Going casual implies a comfort with the process and expresses a certain cool; then your mother calls, she went through 18 hours of labor and gave you a middle name after her beloved grandfather Americus, and you’re too good for that A., my fancy-pants scholar? Suddenly, the author is sending email to the project manager. My name is Kim A. Smith now. Change the book cover. Please. My inheritance is at stake.
The author, of course, has a right to make that change. We manage. In time, we ferret out all the Kim Smiths in the database, on Amazon, and so on. Getting those details right is a big part of our workday. In fact, I’m sure there are people in publishing who want this kind of challenge. A middle initial with a diacritical mark? Great. Without a period? Fantastic!
Full disclosure: I have a grudge against the middle initial. The first practical joke my parents played on me was calling me by my middle name. My entire life, strangers have called me Roger—my given first name. I have to keep a running record of which institutions, individuals, debtors, and web sites know me as Roger. Mind you, it can be helpful. Call my phone and ask for Roger, and I will not be in. Roger gets in pretty much all my trouble for me.
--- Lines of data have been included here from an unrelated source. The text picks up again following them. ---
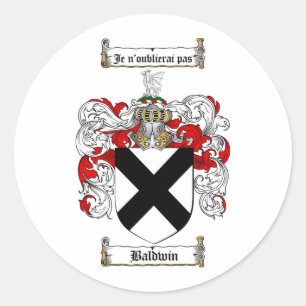 BALDWIN FAMILIE CREST - BALDWINCOAT VAN WAPENS RONDE STICKER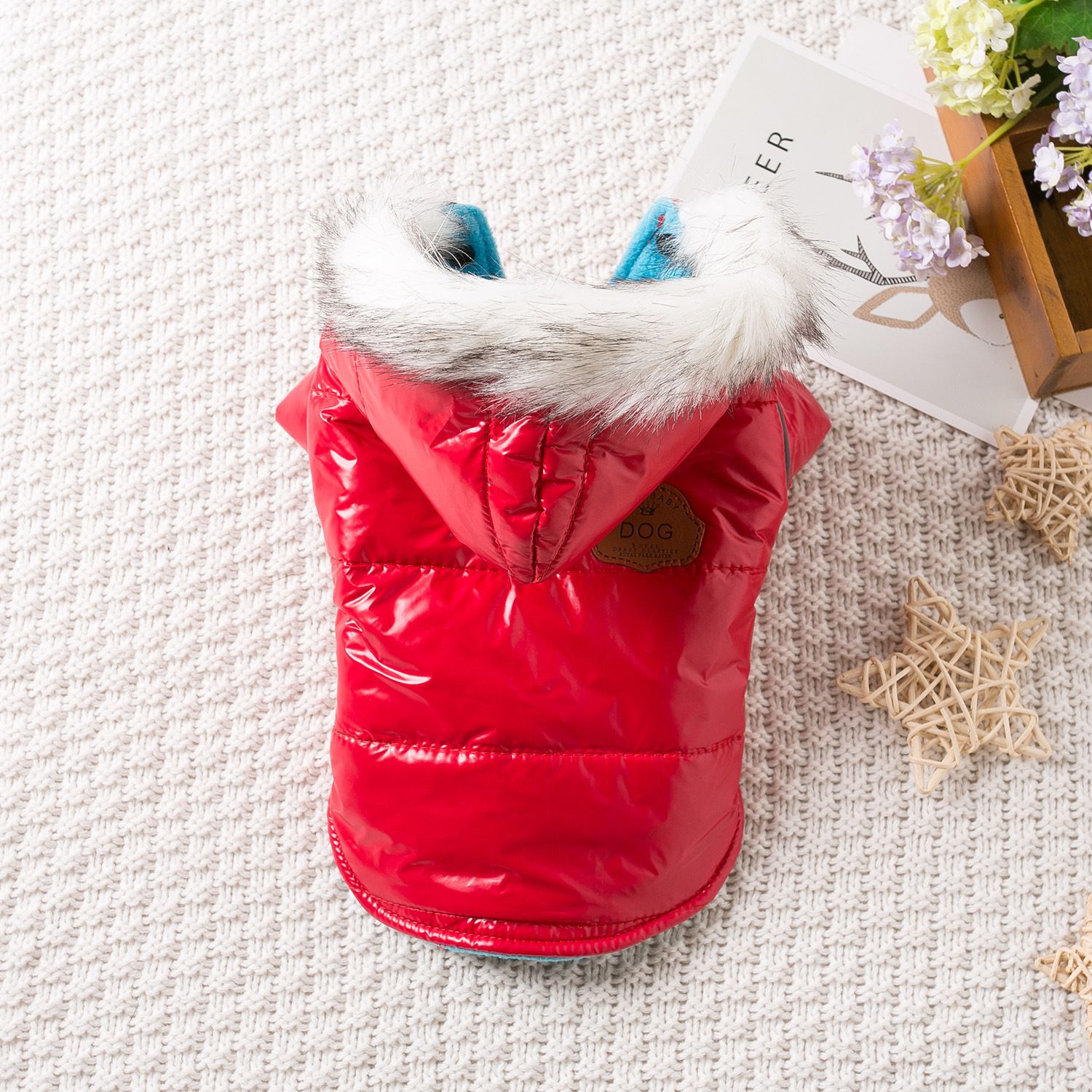Dog Coat Thick Cotton Winter Pet Clothes Small Breed bright leather — image 1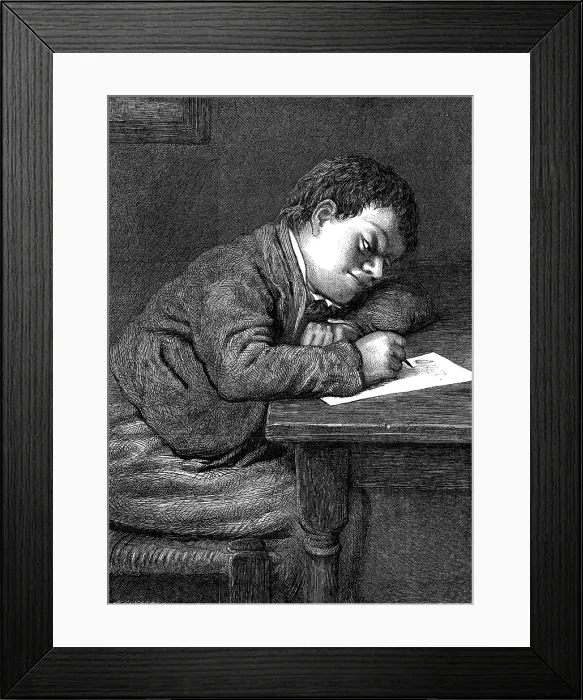 Framed Print : The Valentine, by W. Hunt, 1874. Creator: Unknown Framed Print : The Valentine, by W. Hunt, 1874. Creator: Unknown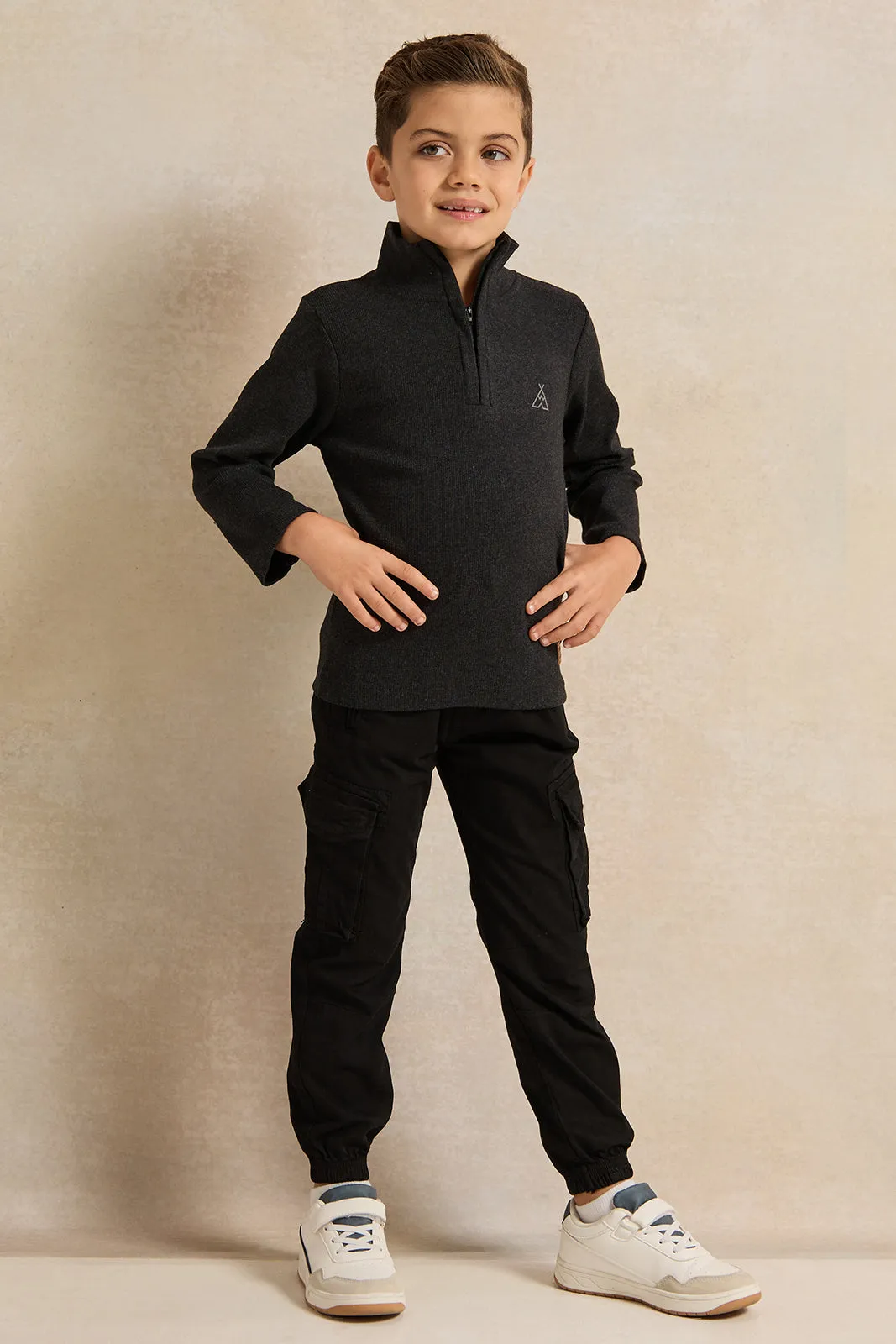 Boys Charcoal T-Shirt With Half Zip sold by Redtag product image thumbnail 2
Admittedly, the middle initial can provide a service as an identifier. If your name is Robert Smith, adding that O. or X. differentiates you from hundreds of thousands of other so-named guys out there. I dig it. You’re publishing a book. You want the credit. You deserve it. But, frankly, you probably submitted a manuscript with Robert X. Smith already, because you’re used to being confused with others.
The problem, I suppose, isn’t really the middle initial, but (as usual) human perceptions and cultural constructs. If I publish a paper as Kevin Cunningham, well, okay, it’s a name. R. Kevin Cunningham sounds better, just as F. Scott Fitzgerald had a better ring than Scott Fitzgerald. A single letter carries a mighty load of pretension. But we as a people have decided it’s more respectable, more intellectual, more worthy of attention. Who knows why? It probably started in the Paleolithic, when everyone was name Crog, and then some artist wanted the credit for the cave painting, and…
Deciding to use your middle initial late in the publishing process is okay. Really. We will get it right. Tempted to make the change? Have no fear. You basically can never go wrong with a middle initial in the publishing game. Don’t worry about humility. Seriously. People expect pretension from authors.